Allâh-ü Teâlâ'yı âhiretten önce dünyada tanıyamayanlar! Sizlerden dolayı vâh yangınlarım ve vâh ateşlerim! Ve O'nun kurbiyetinin nesimini, rüzgârını koklayanlar! Ve O'nun fazilet, üstünlük yemeğini yiyip, ünsiyet şarabını içenler! Size daha ne kadar nidâ edeceğim, ey münafıklar? Sizler duymuyorsunuz ki... Yarın derinden duyacaksınız ama icabet edemeyeceksiniz. Ne kadar uzaktasınız! Ve size ne kadar da uzaktan sesleniliyor! Sesiniz yerin dibinden geliyor; kurbiyyet kalesinden değil, iyilik sahilinden değil. Bütün işleriniz mideniz, şehvetiniz, bedenleriniz ve bütün dünyanız. Bütün bunların hepsi pisliktir, kirdir.
Açlık, Allâh-ü Teâlâ'nın yeryüzündeki yemeğidir: Sıddıkların karnı onunla doyar. Ey fakirlikten korkanlar!

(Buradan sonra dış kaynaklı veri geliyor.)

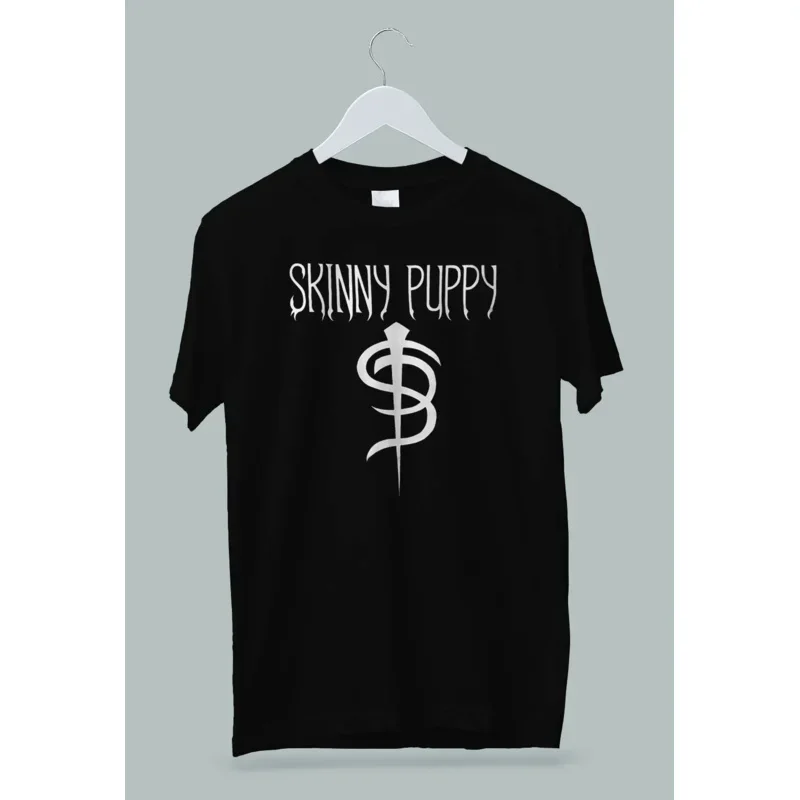 Skinny Puppy Canadian Industrial Music Group Camiseta, mangas longas ou curtas, M 2XL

Asıl fakirlik, fakirlikten korkmaktır.
Zenginlik ise Allâh-ü Teâlâ ile O'nun dışındaki her şeyden zengin olmaktır. Dirhem ve dinar zenginliği zenginlik değildir.
Ey oğul! Nefsinin kıyametini kopart. Tefekkür ayaklarınla cehenneme ve cennete gir. Onlara iman ve yakîn gözlerinle bak. Mü'min, fıkri ve nazarı düzelinceye kadar amel işlemekten geri durmaz. Fikri ve nazarı düzeldiği zaman kıyameti kopmuş demektir.

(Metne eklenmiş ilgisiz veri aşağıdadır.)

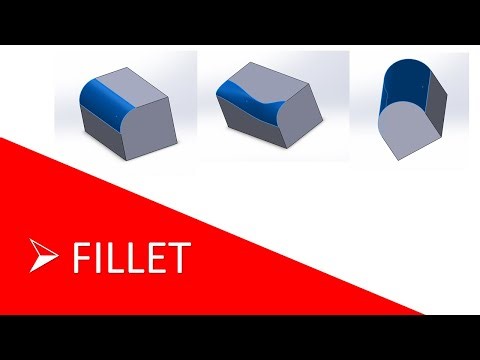 Solidworks Fillet Command Tutorial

(O zaman) Rabb’inin huzurunda dirilir, ayağa kalkar; amel defterinin sayfalarını okumaya başlar, iyiliklerini ve kötülüklerini görür. Kötülüklerinin iyiliklerinden fazla olduğunu görür. Cehennem’e girmeyi haketmiştir. Sırattan geçmesi gerekir. Onun üzerinden havf ve recâ ile helâk olma, Cehennem’e düşme duyguları ile geçer. İşte o, bu halde iken, Alah-ü Teâlâ ona rahmetini yetiştirir ve onun kendisine bırakılmasını emreder. Ayaklarının altındaki sırat genişletilir, Cehennem’in alevi rahmet suyu ile söndürülür. Hatta Cehennem ona şöyle der: "Geç, ey mü'mîn! Nurun alevimi söndürdü!" (Heysemi) İşte mü'min bütün bunları tefekkür eder, düşünür, enine boyuna değerlendirir. Kesin bir kanaate sahip oluncaya kadar bunları tefekkür etmekten geri durmaz.

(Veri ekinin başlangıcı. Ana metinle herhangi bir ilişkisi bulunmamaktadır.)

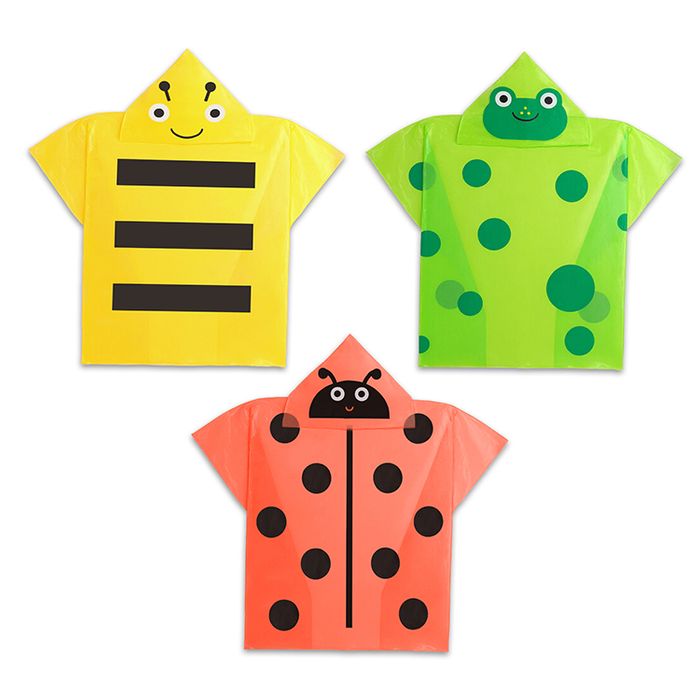 KIDOKI GARDEN FRIENDS RAIN PONCHOS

Size açıkladığım bu, nasiplerinizin peşinden koşma meselesini düşünmekten geri durmayın. Nasiplerin peşinden koşmayın, bırakın onlar sizin peşinizden koşsun. Bu benim tecrübe ettiğim, gözlerimle gördüğüm bir şeydir. Bunu, bu "yol"a girmiş olan ve bu yolu deneyen Benden başka kimseler de görmüştür. Acele etmeyin; nasiplerinizi kaybetmezsiniz. Hz, Peygamber'den şöyle rivayet olunmuştur: "Hiç kimse rızkını tamamlamadan dünyadan göçmez. O halde Allâh-ü Teâlâ'ya karşı takvâ sahibi olun ve isteklerinizi güzelleştirin:' (el-Müstedrek) Yavaş olun, hırslanmayın, boşa yorulmayın, sebatlı olun. İsteklerinize karşı işte böyle olun…
Eğer hükümdarların kapısından yüz çevirirsen Allâh-ü Teâlâ sana hiç kapanmayan bir kapıyı açar: Sır kapısı, bâtın kapısı... Bu kapıyı sana hiçbir kuvvetin, gücün ve tahminin olmadan açıverir.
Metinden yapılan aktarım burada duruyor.